Python implementation of the Clustering-Informed Shared-Structure Variational Autoencoder (CISS-VAE)

CISS-VAE is a flexible deep learning model for missing data imputation that accommodates all three types of missing data mechanisms: Missing Completely At Random (MCAR), Missing At Random (MAR), and Missing Not At Random (MNAR). While it is particularly well-suited to MNAR scenarios where missingness patterns carry informative signals, CISS-VAE also functions effectively under MAR assumptions.

Example CISS-VAE for Imputation Workflow

Click Here for More Information
A key feature of CISS-VAE is the use of unsupervised clustering to capture distinct patterns of missingness. Alongside cluster-specific representations, the method leverages shared encoder and decoder layers. This allows for knowledge transfer across clusters and enhances parameter stability, which is especially important when some clusters have small sample sizes. In situations where the data do not naturally partition into meaningful clusters, the model defaults to a pooled representation, preventing unnecessary complications from cluster-specific components.

Additionally, CISS-VAE incorporates an iterative learning procedure, with a validation-based convergence criterion recommended to avoid overfitting. This procedure significantly improves imputation accuracy compared to traditional Variational Autoencoder training approaches in the presence of missing values. Overall, CISS-VAE adapts across a range of missing data mechanisms, leveraging clustering only when it offers clear benefits, and delivering robust, accurate imputations under varying conditions of missingness.

Installation

The CISS-VAE package is currently available for python, with an R package to be released soon (see rCISSVAE github page for updates). It can be installed from either github or PyPI.

# From PyPI
pip install ciss-vae

OR

# From GitHub (latest development version)
pip install git+https://github.com/CISS-VAE/CISS-VAE-python.git

Important!

For run_cissvae to be able to handle clustering, please install the clustering dependencies scikit-learn and leidenalg with pip.

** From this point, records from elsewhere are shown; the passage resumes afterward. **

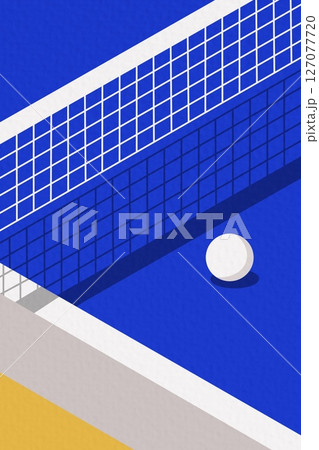Ping pong, table tennis banner design. Sport game tournament, ad background with ball, racket, net and typography template. Match, competition promotion, advertising. Flat vector illustration Ping pong, table tennis banner design. Sport game tournament, ad background with ball, racket, net and typography template. Match, competition promotion, advertising. Flat vector illustration 127077720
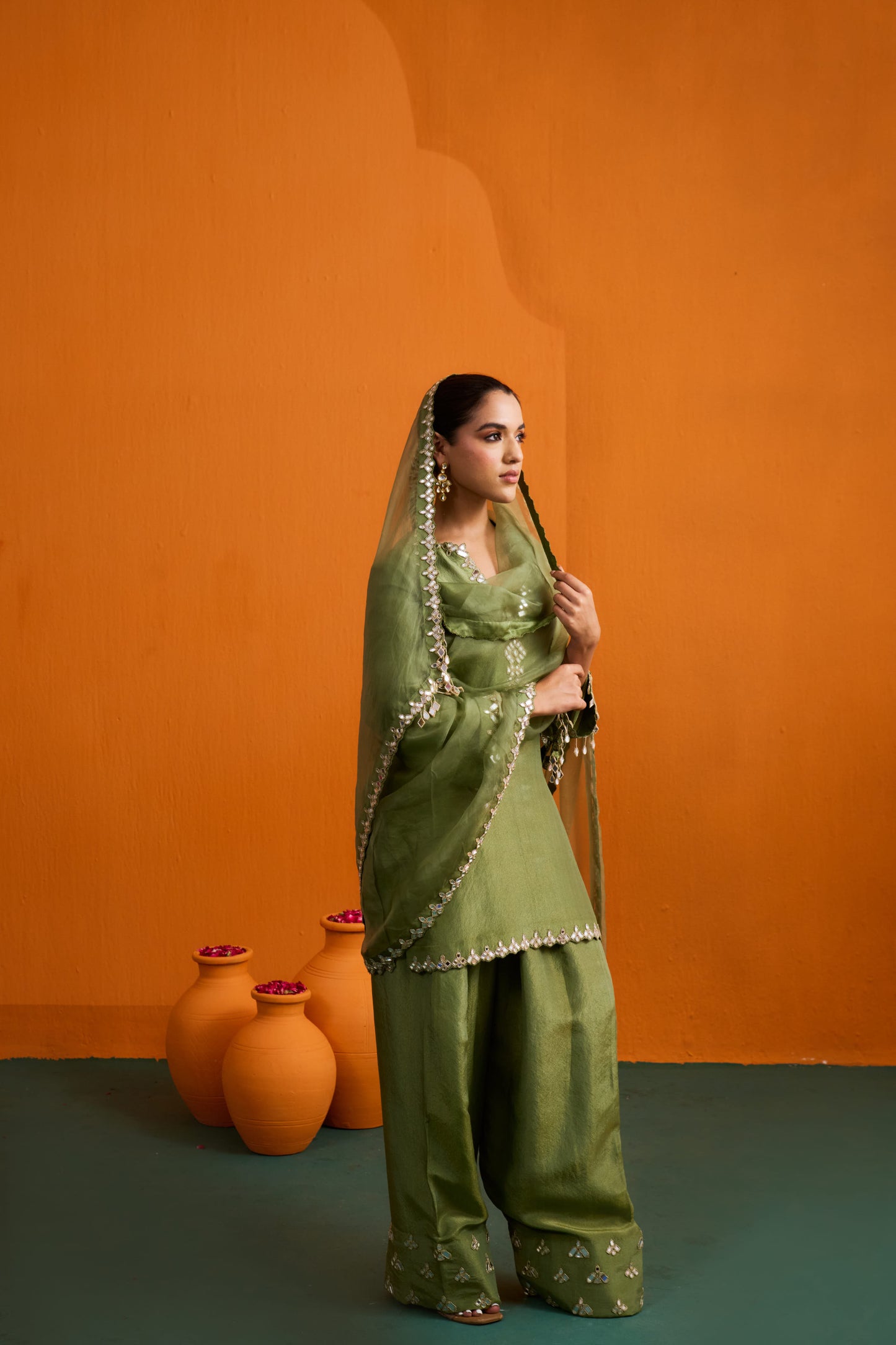 Ditya Kurta Set with Farshi Salwar
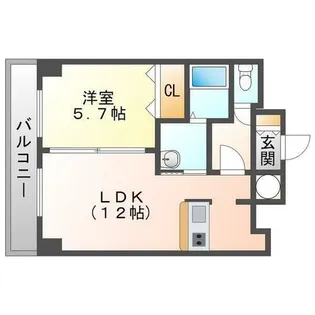 ヴェール元町【802号室】の間取り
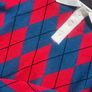 Knitted Polo shirt in blue white and red color Image 4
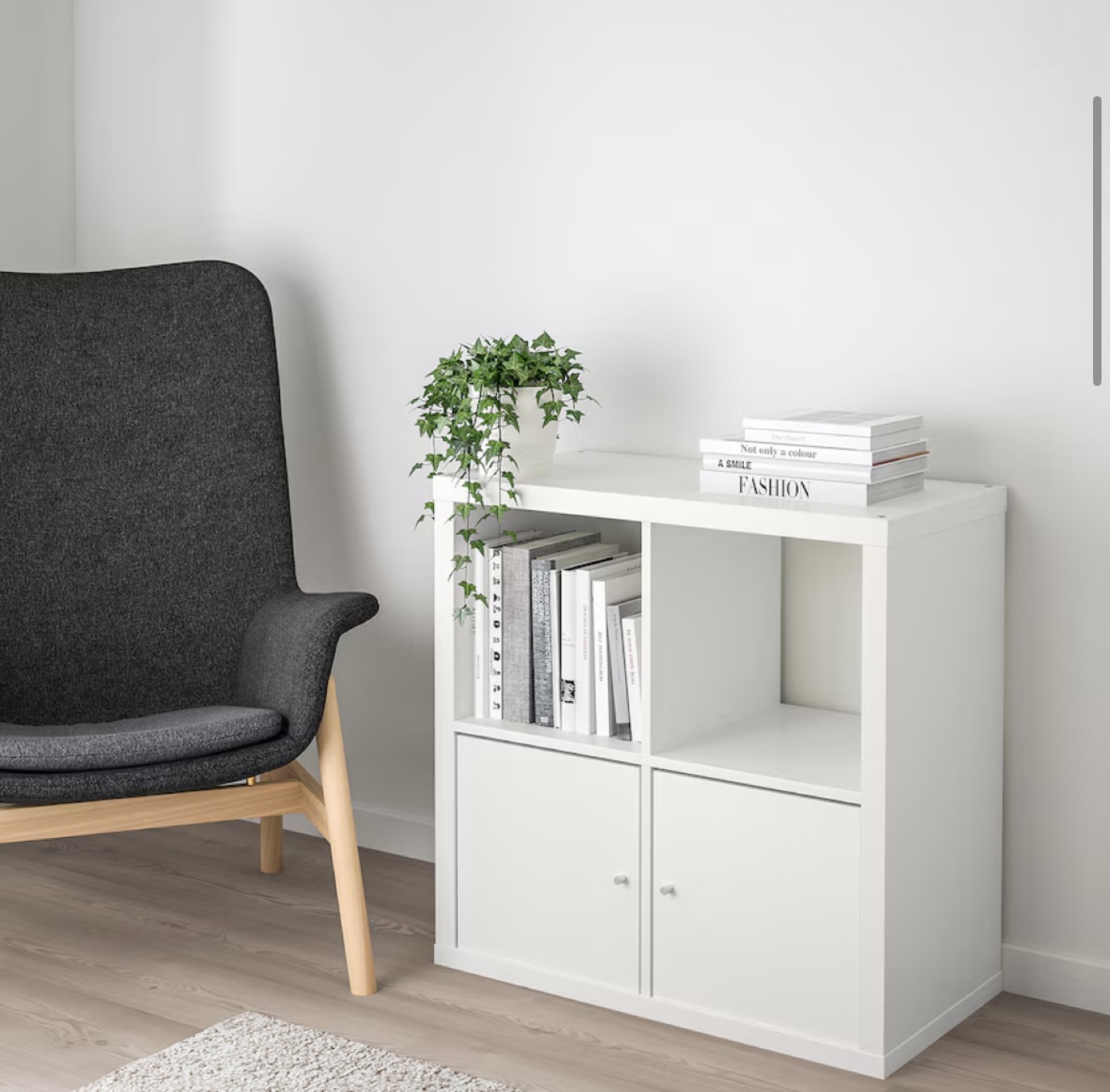 IKEA Kallax units x 2 (with doors)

pip install scikit-learn leidenalg python-igraph

OR

pip install ciss-vae[clustering]

Quickstart Tutorial

The full vignette can be found here.

The input dataset should be one of the following:

- A Pandas DataFrame  

- A NumPy array  

- A PyTorch tensor  

Missing values should be represented using np.nan or None.

import pandas as pd
from ciss_vae.utils.run_cissvae import run_cissvae

# optional, display vae architecture
from ciss_vae.utils.helpers import plot_vae_architecture

data = pd.read_csv("/data/test_data.csv")

clusters = data.clusters
data = data.drop(columns = ["clusters", "Unnamed: 0"])

imputed_data, vae = run_cissvae(data = data,
## Dataset params
    val_proportion = 0.1, ## Fraction of non-missing data held out for validation
    replacement_value = 0.0, 
    columns_ignore = data.columns[:5], ## Names of columns to ignore when selecting validation dataset (and clustering if you do not provide clusters). For example, demographic columns with no missingness.
    print_dataset = True, 

## Cluster params
    clusters = None, ## Where your cluster list goes. If none, will do clustering for you  
    n_clusters = None, ## If you want run_cissvae to do clustering and you know how many clusters your data should have
    seed = 42,

## VAE model params
    hidden_dims = [150, 120, 60], ## Dimensions of hidden layers, in order. One number per layer. 
    latent_dim = 15, ## Dimensions of latent embedding
    layer_order_enc = ["unshared", "unshared", "unshared"], ## order of shared vs unshared layers for encode 
    layer_order_dec=["shared", "shared",  "shared"],  ## order of shared vs unshared layers for decode
    latent_shared=False, 
    output_shared=False, 
    batch_size = 4000, ## batch size for data loader
    return_model = True, ## if true, outputs imputed dataset and model, otherwise just outputs imputed dataset. Set to true to return model for `plot_vae_architecture`

## Initial Training params
    epochs = 1000, ## default 
    initial_lr = 0.01, ## default
    decay_factor = 0.999, ## default, factor learning rate is multiplied by after each epoch, prevents overfitting
    beta= 0.001, ## default
    device = None, ## If none, will use gpu if available, cpu if not. See torch.devices for info (link)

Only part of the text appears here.